Read the letters your teacher has scribbled on your essay, and match them up to see how you can improve next time...
A - Try to avoid description. Instead of explaining what the Z-line or rule of thirds is, focus instead on how it creates meaning for the audience
B- Make sure to make consistent reference to explicit examples, for example costume, colour, elements of mise-en-scene
C - Try to avoid generic, unhelpful statements 'it's easy to remember' or 'it really makes it stand out', it 'draws the audience's attention' or 'it attracts the audience'. Instead, how about 'the bold lettering forms a serious and challenging mode of address, directly appealing to the target audience'
D - Be emphatic. Avoid words like 'maybe' and 'perhaps', and instead present your opinions as fact
E - Explore genre, and when you do, identify a range of explicit generic conventions
F - Consider writing shorter, snappier paragraphs. The golden rule: one point per paragraph!

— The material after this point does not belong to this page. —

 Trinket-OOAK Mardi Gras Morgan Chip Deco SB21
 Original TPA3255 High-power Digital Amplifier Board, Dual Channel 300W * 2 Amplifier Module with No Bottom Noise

G - Make specific reference to the sexual connotations of the poster. The connotation of the word 'kiss' and the proairetic code of the low cut costume suggests both sex and sexuality and is specifically intended to appeal to a heterosexual male audience.
H - Instead of 'people who see the advert', it's always 'audience' (or potential audience or target audience... we'll move on to audience specifically next week!)
I - When writing about font, don't just put 'it's bold'. It's also serif, and highly stylised, with a serious, threatening mode of address. It's also highly iconographic of the horror genre (circa 1963)
J - Instead of 'makes it stand out', you may wish to reference binary oppositions instead
K - Make sure to concentrate on issues of representation, particularly how the producer constructs representations for the purposes of ideology
L - Explore how the use of codes and conventions can create multiple meanings
M - Avoid a conversational tone
N - Use an introduction to establish the themes of the essay to the reader
O - Be careful when writing about codes and theoretical issues. Producers don't 'use hermeneutic codes'. Instead, they use conventions and aspects of media language that function as hermeneutic codes. This is tricky to get your head round at first, but you'll get used to it with practice!